In order to accomplish the aforementioned objects in accordance with an aspect of the present invention, there is provided an end point detector to detect a point of time when an etching process ends by using plasma light generated during a plasma process in a chamber of plasma etching equipment, the detector comprising: an optical device for diffracting plasma light generated in the chamber according to the light's spectrum and turning the light into a plurality of optical signals having different wavelengths; a photoelectric transducer including a plurality of unit converting elements having their own unique addresses for receiving the plurality of optical signals and converting the optical signals into corresponding electric signals having levels corresponding to intensities of the corresponding optical signals; an A/D converter for converting the plurality of electric signals of the photoelectric transducer and simultaneously outputting the transformed light intensity data and the unique addresses of the unit converting elements as digital data; and a signal processing device for differentiating the light intensity data and unique addresses, performing a light intensity data synthesizing process of accumulatively storing the light intensity data in sequence to the unique addresses by comparing and determining whether each unique address is identical to a value corresponding to a preset wavelength, until the unique address is the last address, and providing the accumulatively stored light intensity data in real time to a control system that operates to terminate the etching process of the plasma etching equipment.
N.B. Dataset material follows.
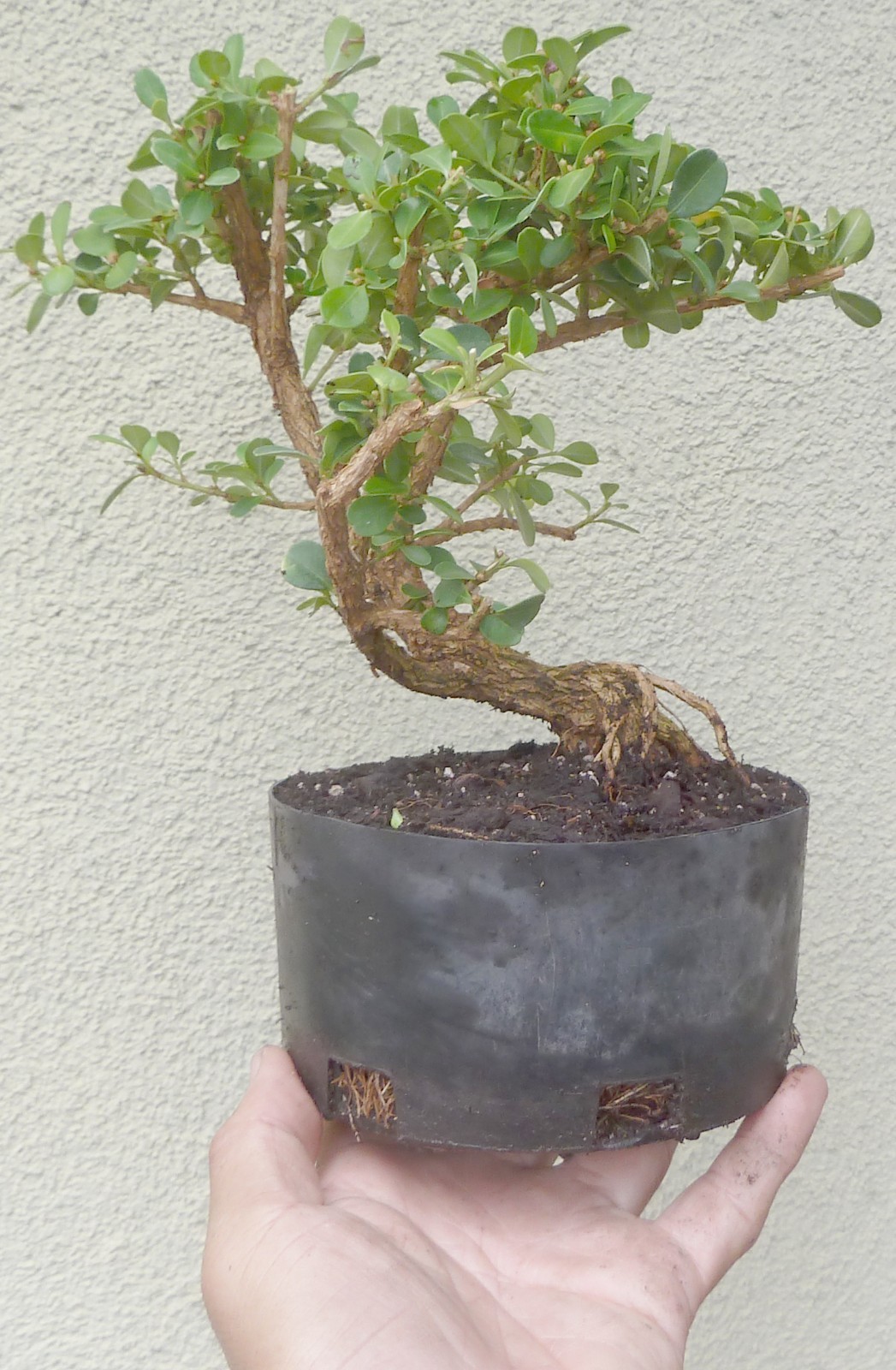 Japanese Boxwood Pre Bonsai Shohin Dwarf Nice Trunk & Nebari Buxus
Also, in accordance with another aspect of the present invention, there is provided a method of detecting an end point using plasma light generated in the chamber of plasma etching equipment during a plasma process, the method comprising the steps of: setting up a diffraction grating which diffracts the plasma light generated in the chamber according to the light emitting spectrum and turning the light into a plurality of optical signals having different wavelengths, a photoelectric transducer, including a plurality of unit converting elements having their own unique addresses, which receives the plurality of optical signals and transforms them into electric signals having levels corresponding to the optical signals' intensities, and an A/D converter which converts the plurality of electric signals of the photoelectric transducer into light intensity data and simultaneously outputs the light intensity data and unique addresses of the unit converting elements as digital data; differentiating the light intensity data and original addresses and comparing the unique addresses with values corresponding to the preset wavelengths until the unique addresses is a last address; and performing a light intensity data synthesizing process of accumulatively storing the light intensity data in sequence to the unique addresses by comparing and determining whether each unique address is identical to a value corresponding to a preset wavelength, thereby enabling the control system of the plasma etching equipment to control termination of the etching process a the basis of the accumulatively stored light intensity data.
There are advantages in the apparatus and method described above in that a layer below the one to be treated is neither over-etched nor damaged because the sensitivity to detect an end point of the etching process is improved by using a plurality of light wavelengths, and a point of time when the etching process ends is detected in real time.